Keeler is introduced to Eugene, a Soviet naval attache, and in a very sexy moment at Lord Astor's mansion, to Profumo, who is quite taken by her. He's quite the shy soul, and at first, he just talks with her. Later, well, the rest is history. But she finds herself stifled, preferring men her own age instead of the older men Ward introduces her to. She complains "You pull the strings. I'm what you make me."

As for Mandy, she ends up working at the same club as Keeler, and at first the two butt heads. Mandy though upstages Keeler during a sizzling dance number where they are wearing Native American feathers and costumes, with the loss of her top apparently not hindering her. The two become friends later on.

It's amusing to hear Profumo's address to the House of Commons regarding Keeler. Initially he says there was no impropriety whatsoever. Fast forward to another politician, an American president no less, who said "I did not have relations with that woman." Hmm....

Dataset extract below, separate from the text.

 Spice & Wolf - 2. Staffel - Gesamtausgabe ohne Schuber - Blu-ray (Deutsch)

The scenes that caused a ballyhoo during its release isn't as explicit as all that, unless one counts the scene of a client being turned on by Christine and Mandy together before he ends up joining them--other than that, nothing beyond softcore.

Joanne Whalley-Kilmer radiates a sizzling cuteness as Christine Keeler. She's quite expressive, from those winning smiles to the tearful looks of heartbreak when she is forced to betray her mentor. Bridget Fonda's Rice-Davies isn't a warm or appealing character. John Hurt (Stephen Ward) radiates an aura of excitement and self-destructive behaviour in one of his best roles yet, with Ian McKellan (yes, Gandalf himself) doing quite well as the shy yet doomed Profumo.

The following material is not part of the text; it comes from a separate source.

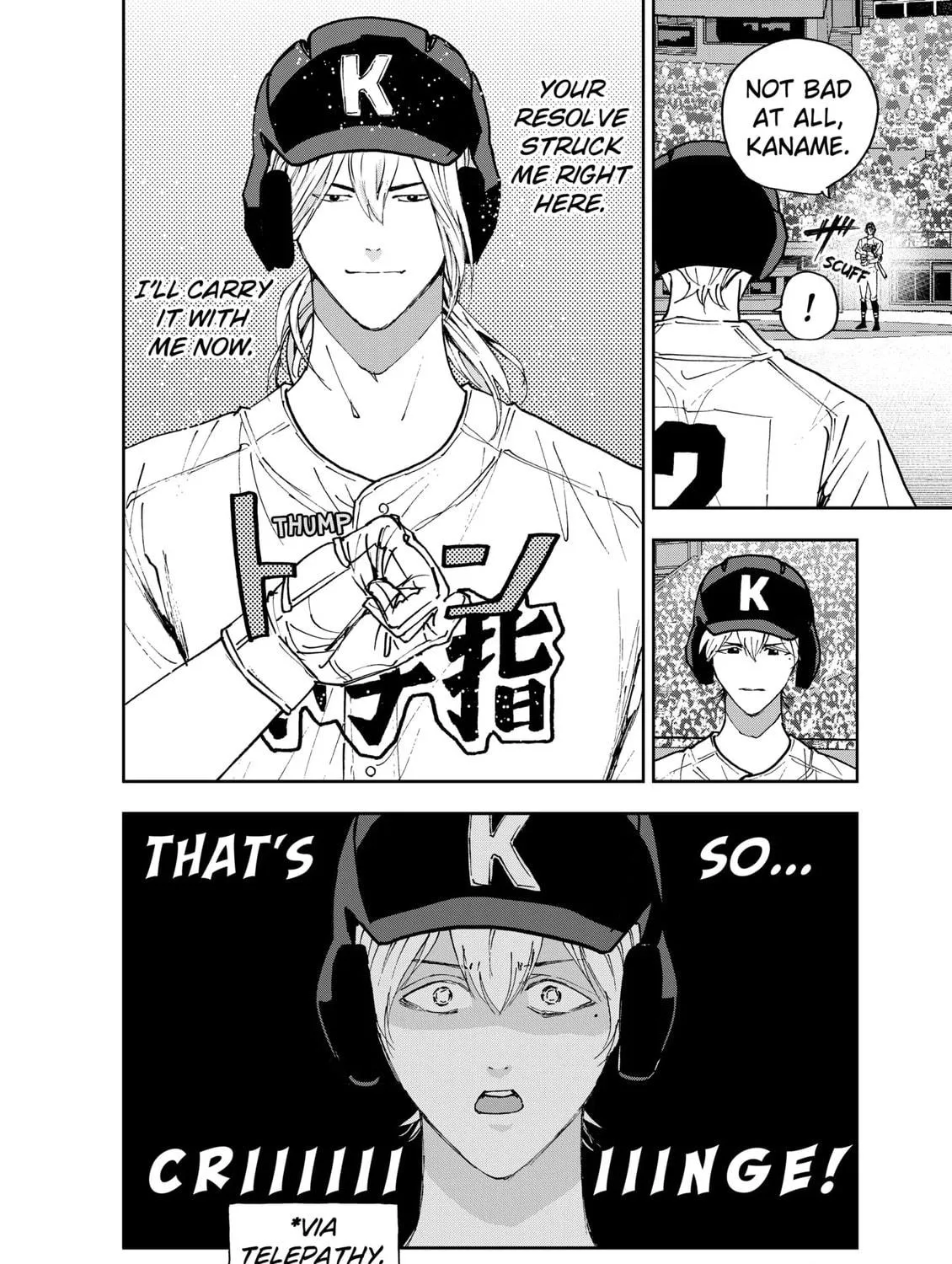 Read Boukyaku Battery chapter 176 image 34 on Lezhin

And the guy who plays Johnny, the Jamaican lover of Keeler who is later described as a "lovesick jungle bunny," is none other than Roland Gift, lead singer of the Fine Young Cannibals. Was it Whalley-Kilmer he was thinking of when he sang "She Drives Me Crazy?"

The fact that Macmillan and Profumo got honours later on shows how forgiving the UK could be. But it's also interesting how a scandal can affect one's successors. Sir Alec-Douglas Home inherited the scandals and problems of Macmillan and lost to Harold Wilson's Labour Party a year later, the same way Gerald Ford lost to Jimmy Carter in 1976 due to his associations with Nixon and inheriting the high inflation of his predecessor.

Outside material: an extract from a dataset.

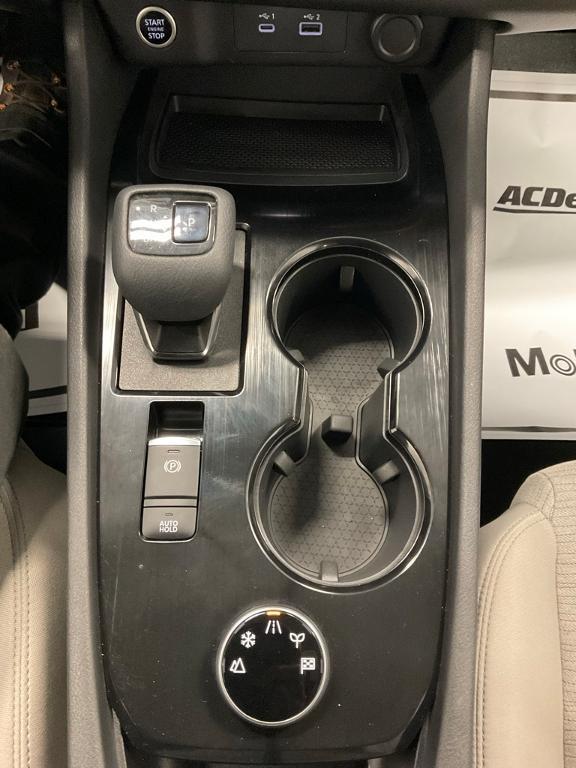 used 2021 Nissan Rogue car, priced at $21,762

One wonders if Keeler wasn't exactly chuffed to be reminded of an episode in her life she'd rather forget, but if Scandal shows that she became a victim and object of scorn, then it has served its purpose.

Rating: 3 stars
Summary: good
Review: It's a bit slow in spots, and apparently, according to some reviews, portrays the John Hurt character as more sympathetic than he was. But in interesting character study of true history. I actually saw this because I'm a Beatles fan, and a sociologists explacation for the Beatlemania in England, was that the English public needed at distraction from the sordidness of this scandal. (The same way Beatlemania in America is explained that America needed an emotional distraction from the tragedy of the then recent asassination of Jack Kennedy.

Rating: 1 stars
Summary: DVD version not as advertised
Review: My comments are not aimed at the merits of this fine film but at the recent DVD release by Anchor Bay. The cover boasts that the version it contains is "uncut & uncensored"; however, that claim is false. Inexplicably missing is the entire "nightgown" scene with Bridget Fonda, which should appear just after the orgy. I'm pretty sure that this scene appears in every other version of the movie. I'm almost certain it was in the R-rated general release, I know it is in the "uncut" VHS tape, and part of it even appears in the broadcast televsion version. In fact, watching the censored TV cut of that segment on BBC America a month or so ago is what inspired me to order the DVD in the first place. Now I just feel ripped off. This is not the first time I've purchased DVDs that were missing key scenes, but this instance was particularly galling.